Achieving and maintaining a good sense of balance and stability is arguably one of the most difficult and important things a person can do to live a healthy lifestyle. Whether you need to improve your physical, mental, or emotional state, there are numerous effective approaches you can take to work on all three simultaneously or individually.
The first thing you need to do is try to identify which aspects of your life require the most leveling out, prioritize them, and work on them to the best of your ability. Focus on the important parts of your life that are currently out of balance that may be causing you distress. By singling out problematic elements in your life, you can then work toward getting to the root of the problem and finding viable solutions for correcting them.
Practice good balance every day at any age
Whether you’re at work or at the gym, you can find creative ways of improving your physical and mental balance every day, regardless of age. To help improve your physical balance and endurance, try doing yoga or stretching exercises that target your biggest problem areas. The amount of focus required to hold certain poses or positions can also help to improve your overall mental focus and will inevitably increase your productivity. Improved physical balance set off a domino effect of positivity. After all, the better you feel physicallyly, the smoother your movements will be and this, in turn, boosts your mental focus.
Take a few moments every day to do the following stretches.

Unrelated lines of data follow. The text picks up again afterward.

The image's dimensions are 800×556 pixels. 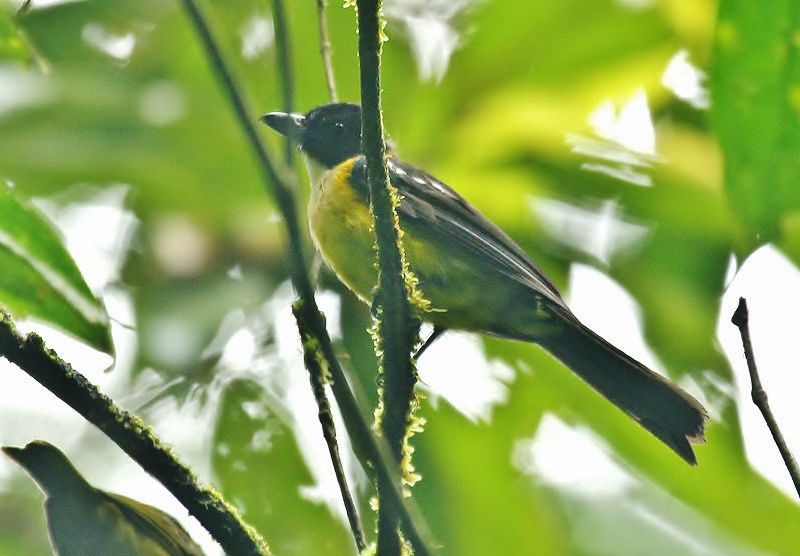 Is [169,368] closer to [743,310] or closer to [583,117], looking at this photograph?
[583,117]

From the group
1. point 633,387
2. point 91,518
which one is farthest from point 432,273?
point 91,518

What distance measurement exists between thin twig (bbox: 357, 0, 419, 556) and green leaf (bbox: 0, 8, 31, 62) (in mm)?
A: 798

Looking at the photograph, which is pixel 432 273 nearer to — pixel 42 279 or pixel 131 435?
pixel 42 279

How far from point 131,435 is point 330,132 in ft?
7.43

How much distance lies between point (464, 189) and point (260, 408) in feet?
3.06

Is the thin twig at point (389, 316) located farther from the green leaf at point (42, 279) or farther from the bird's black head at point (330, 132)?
the bird's black head at point (330, 132)

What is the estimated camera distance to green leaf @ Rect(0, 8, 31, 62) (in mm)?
2158

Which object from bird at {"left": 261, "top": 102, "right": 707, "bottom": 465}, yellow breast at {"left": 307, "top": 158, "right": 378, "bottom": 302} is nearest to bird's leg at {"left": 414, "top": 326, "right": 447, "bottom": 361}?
bird at {"left": 261, "top": 102, "right": 707, "bottom": 465}

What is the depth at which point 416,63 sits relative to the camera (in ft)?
11.4

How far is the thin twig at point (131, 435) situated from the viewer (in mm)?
1734

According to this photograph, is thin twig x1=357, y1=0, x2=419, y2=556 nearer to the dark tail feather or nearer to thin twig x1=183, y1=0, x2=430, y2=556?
thin twig x1=183, y1=0, x2=430, y2=556

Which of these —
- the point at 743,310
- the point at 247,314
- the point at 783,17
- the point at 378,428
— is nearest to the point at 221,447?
the point at 247,314

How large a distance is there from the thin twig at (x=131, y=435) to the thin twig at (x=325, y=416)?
25cm

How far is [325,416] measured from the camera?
6.97 ft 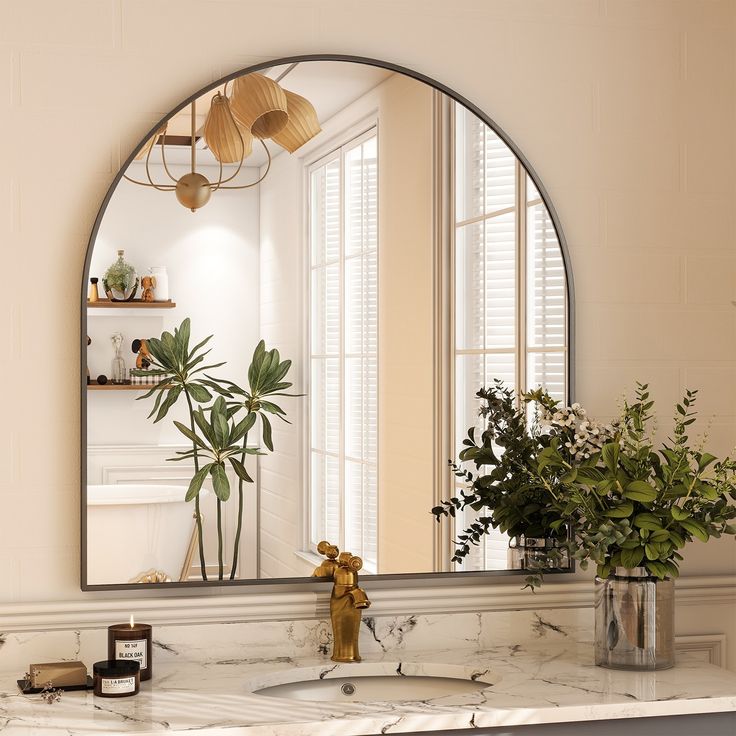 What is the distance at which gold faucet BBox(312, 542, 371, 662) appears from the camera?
191cm

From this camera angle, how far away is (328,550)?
1955mm

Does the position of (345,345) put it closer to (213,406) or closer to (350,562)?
(213,406)

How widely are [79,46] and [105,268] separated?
1.37ft

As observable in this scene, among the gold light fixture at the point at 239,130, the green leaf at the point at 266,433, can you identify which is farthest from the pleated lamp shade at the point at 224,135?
the green leaf at the point at 266,433

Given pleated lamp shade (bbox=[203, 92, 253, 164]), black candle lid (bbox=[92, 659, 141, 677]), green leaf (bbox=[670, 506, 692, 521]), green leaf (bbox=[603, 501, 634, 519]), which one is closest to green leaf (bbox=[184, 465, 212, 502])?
black candle lid (bbox=[92, 659, 141, 677])

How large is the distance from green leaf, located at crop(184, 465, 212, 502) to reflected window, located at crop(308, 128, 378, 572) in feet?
0.67

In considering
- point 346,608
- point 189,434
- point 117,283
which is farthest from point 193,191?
point 346,608

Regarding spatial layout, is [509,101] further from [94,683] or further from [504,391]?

If you feel too silly or embarrassed to try doing these at the office, then make time either before or after work to fit them in.

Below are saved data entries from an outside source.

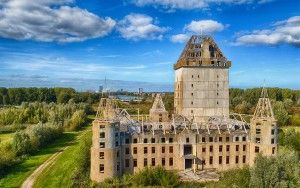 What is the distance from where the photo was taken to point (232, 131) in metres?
60.2

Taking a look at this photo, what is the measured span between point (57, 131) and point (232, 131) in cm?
5173

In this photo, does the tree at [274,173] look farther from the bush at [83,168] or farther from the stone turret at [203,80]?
the stone turret at [203,80]

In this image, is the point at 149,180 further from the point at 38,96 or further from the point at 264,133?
the point at 38,96

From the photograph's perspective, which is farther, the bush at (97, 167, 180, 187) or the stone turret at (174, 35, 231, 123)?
the stone turret at (174, 35, 231, 123)

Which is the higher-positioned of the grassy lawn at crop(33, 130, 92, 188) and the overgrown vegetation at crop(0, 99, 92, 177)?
the overgrown vegetation at crop(0, 99, 92, 177)

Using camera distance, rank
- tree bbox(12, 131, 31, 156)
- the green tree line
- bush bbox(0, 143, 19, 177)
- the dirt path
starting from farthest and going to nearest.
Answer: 1. the green tree line
2. tree bbox(12, 131, 31, 156)
3. bush bbox(0, 143, 19, 177)
4. the dirt path

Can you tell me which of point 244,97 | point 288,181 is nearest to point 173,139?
point 288,181

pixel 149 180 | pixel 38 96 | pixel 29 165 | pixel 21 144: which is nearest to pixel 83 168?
pixel 149 180

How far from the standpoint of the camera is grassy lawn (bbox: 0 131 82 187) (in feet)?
197

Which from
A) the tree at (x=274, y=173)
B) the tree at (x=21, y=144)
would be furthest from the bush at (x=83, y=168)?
the tree at (x=274, y=173)

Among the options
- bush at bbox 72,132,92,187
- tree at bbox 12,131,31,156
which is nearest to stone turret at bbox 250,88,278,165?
bush at bbox 72,132,92,187

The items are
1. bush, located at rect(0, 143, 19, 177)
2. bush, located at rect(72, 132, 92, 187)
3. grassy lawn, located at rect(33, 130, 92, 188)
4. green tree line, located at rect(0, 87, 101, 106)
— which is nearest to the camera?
bush, located at rect(72, 132, 92, 187)

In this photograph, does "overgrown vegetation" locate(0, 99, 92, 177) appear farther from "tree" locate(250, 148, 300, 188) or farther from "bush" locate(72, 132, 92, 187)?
"tree" locate(250, 148, 300, 188)

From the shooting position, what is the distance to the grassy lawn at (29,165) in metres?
60.2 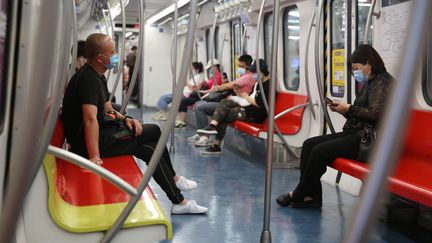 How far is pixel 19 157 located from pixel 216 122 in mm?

Depending on your fitness level, you can either use a chair to accompany this movement to hold yourself up or you can balance yourself on the palms of your hands. Gently bend your torso, bending your knees as generously as you need to, and place your hands either on the floor or on the seat of your chair. Slowly move your feet backward a few inches and move your head towards your torso for support. To get out of this pose, walk your legs forward and slowly lift yourself up.
This is an excellent way to build strength and endurance in your leg muscles. Starting on your right side, place your hand on the back of your chair for support and slowly rotate and lift your left leg, placing it either on your right ankle or calf. Then, lift your left arm up and over your head. Hold this position for a few breaths and then lower your arm and your leg and repeat this pose on the opposite side. Keep in mind that it’ll feel different on either side.
This is an excellent way of increasing your side balance. Start by placing your feet a little more than hip-width apart and turn your right foot slightly inwards with your toes facing toward the heel of your left foot. Raise your arms to shoulder length as you inhale deeply and as you exhale, slowly start to bend towards your left side and place your left hand on the back of the chair. Or, if you’re more flexible, let your left fingertips touch the floor. Hold this pose for a few moments and then repeat it on the other side.
Not only can these moves help you master an impeccable physical balance, but implementing them on a regular basis can also help you strike a healthy work and personal life balance as well. The best part is that you can easily do these either at home, at work, or even on-the-go and they’re adjustable for people of all ages and fitness levels.